8 Responses to How Much Water?

  1. Lila April 22, 2010 at 9:51 pm #

    Tommie, the latest thinking seems to be to divide your body weight by two, then divide by 8 (as in 8 oz. of water to a glass), and that gives you the number of glasses of water you probably need, at least under normal circumstances. Too much water can cause an imbalance in electrolytes, though it isn’t likely that many of us would have such a problem.

    • Tommie April 22, 2010 at 10:19 pm #

      Yes, I’ve seen that formula but I haven’t seen any scientific evidence to back it up. That would also be based on someone eating SAD.

      There are times I’ll go into the bathroom at work and someone will have used the commode and not flushed it. The sight and smell can be disturbing. It’s definite the person needs to drink more water. Dark amber can’t be healthy.

  2. Lila April 23, 2010 at 7:27 am #

    This seems like a reasonable formula to me for the average person, considering that there are different body builds and body weights. Why would you need as much water now as you did when you weighed so much more? Of course, the degree of activity, air temperature and such would have to be considered.
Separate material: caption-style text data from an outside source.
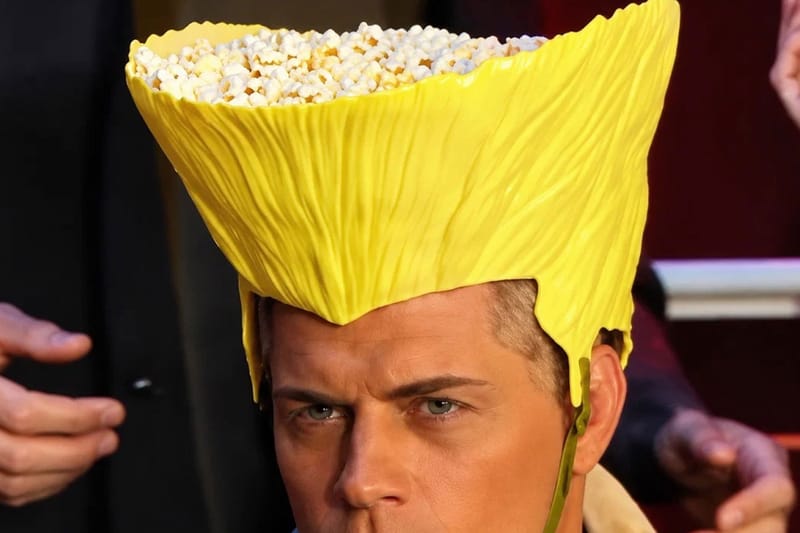 AMC's Wearable 'Street Fighter' Popcorn Bucket Lets You Wear Guile's Iconic Flat-Top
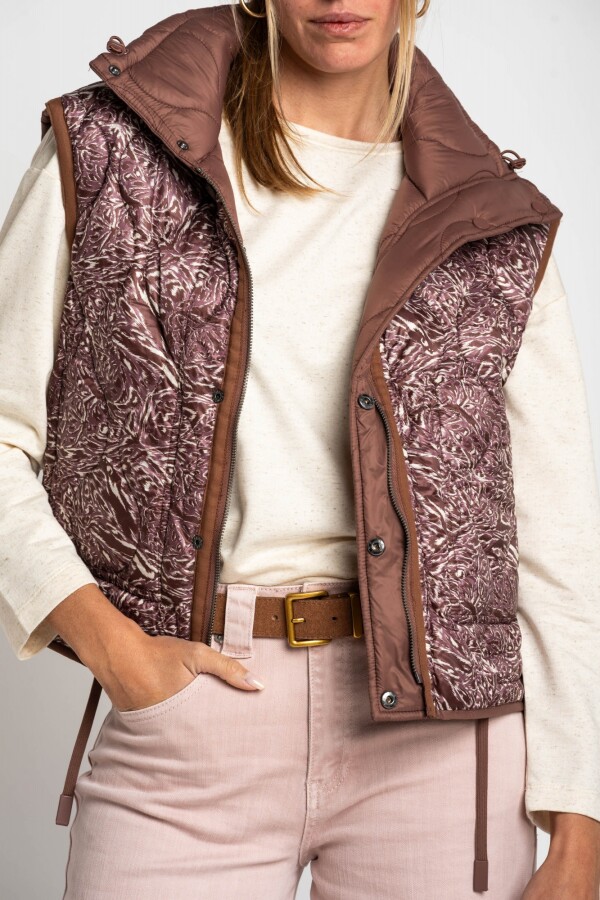 Chaleco Reversible Marrón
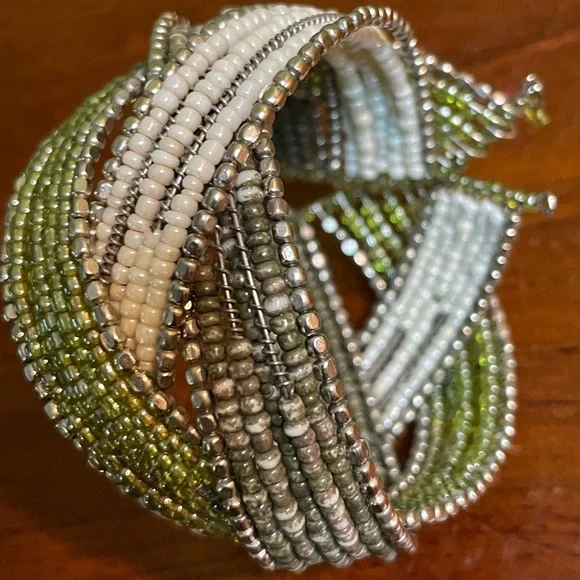 Beaded Cuff Bracelet - Picture 2 of 10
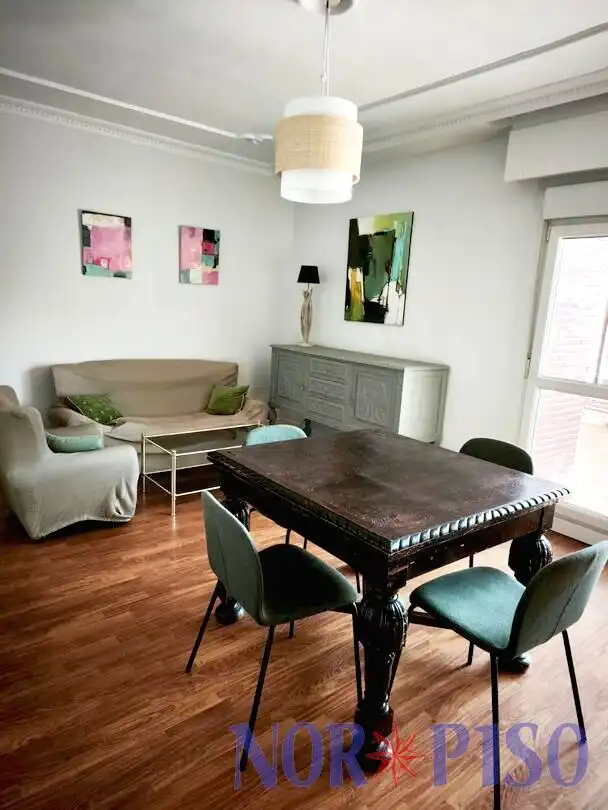 Dining room of Flat for rent in Bilbao   with Heating, Terrace and Furnished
    • Tommie April 23, 2010 at 8:01 am #

      It would depend on the amount of cooked food vs raw as I’ve said, too. Monitor the color of the urine and adjust accordingly is key.

  3. maren April 24, 2010 at 6:21 pm #

    if you are eating a lot of water dense foods like fruits and veggies you are already getting plenty of water, but it is still important to drink water because nothing hydrates like pure water.
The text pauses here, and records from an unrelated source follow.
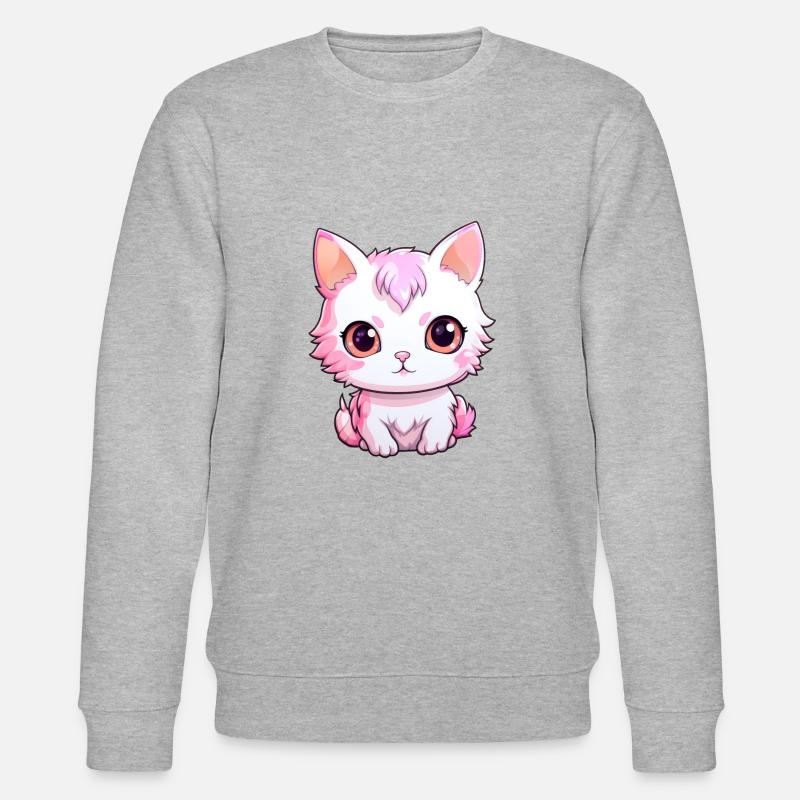 Bébé chat - Sweat bio CHANGER Stanley/Stella Unisexe - gris chiné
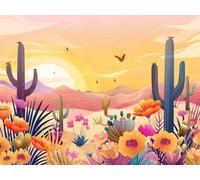 Diamond Art Cactus, Flor Diamond Painting for Adults Beginner, Full Drill Painting by Numbers for Adults, 5D Dimond Art Crafts Pictures Embroidery Kit, Home Decor, Gifts for Women, 80x100cm,Model780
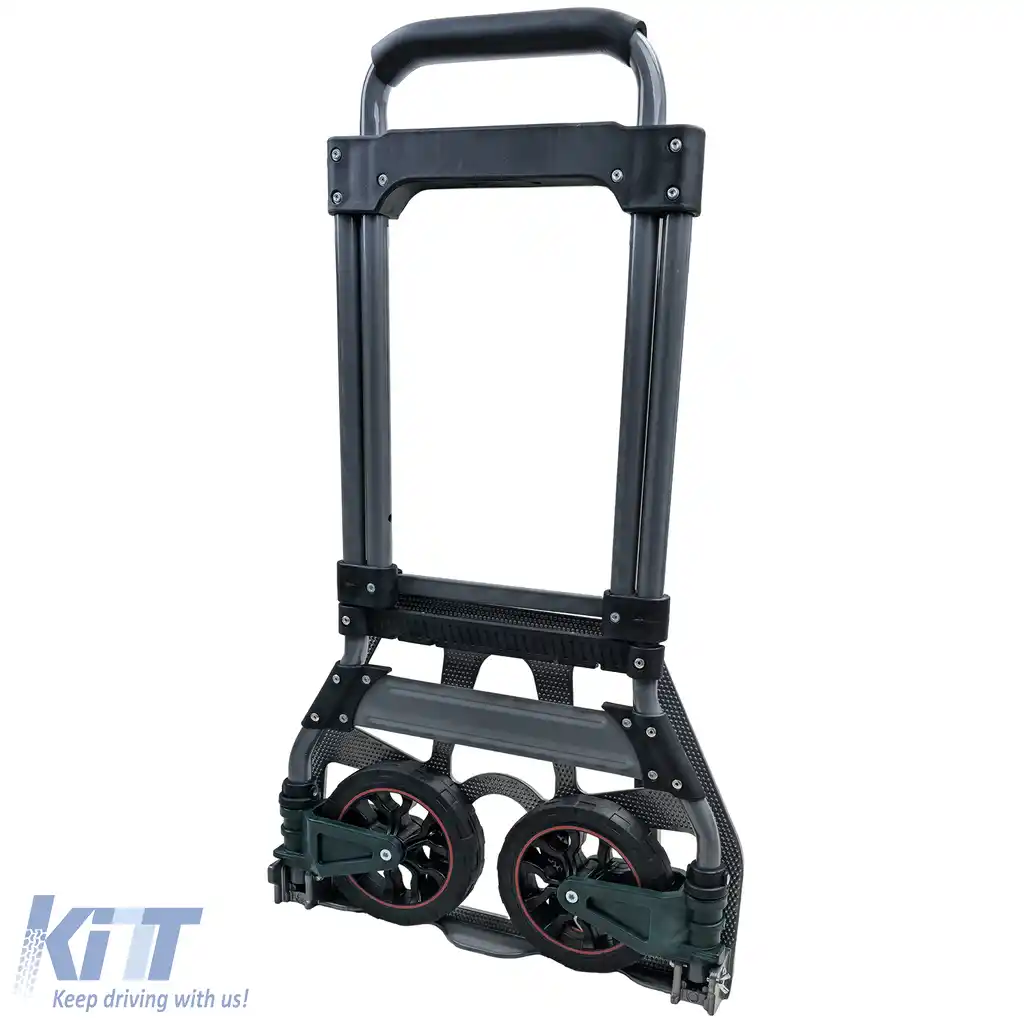 RAMROXX® Cărucior de Transport Pliabil 125 kg – Mâner Telescopic + Roți Mari-image-6211026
    • Tommie April 24, 2010 at 6:27 pm #

      I do drink water but not as much as someone who eats cooked. Or not as much as someone who eats cooked should. The purest water there is, is in raw fruits and veggies.

  4. Kathy April 26, 2010 at 2:59 pm #

    I think that you should drink as much water as you want. You body does need it everyday and depending upon how much you work out, where you live, and how active you are will depend on how much water you need to drink. Water also helps you feel fuller so you wont eat as many unwanted calories! So drink as much as you can without going to overboard!

    • Tommie April 26, 2010 at 4:06 pm #

      There can be a difference, though, between what we want and what we need. That’s why, for the umpteenth time, I’m saying to monitor the color of your urine. In a normal person not on medication that can turn it blue or green or brown, it should be anywhere from a light straw color to clear.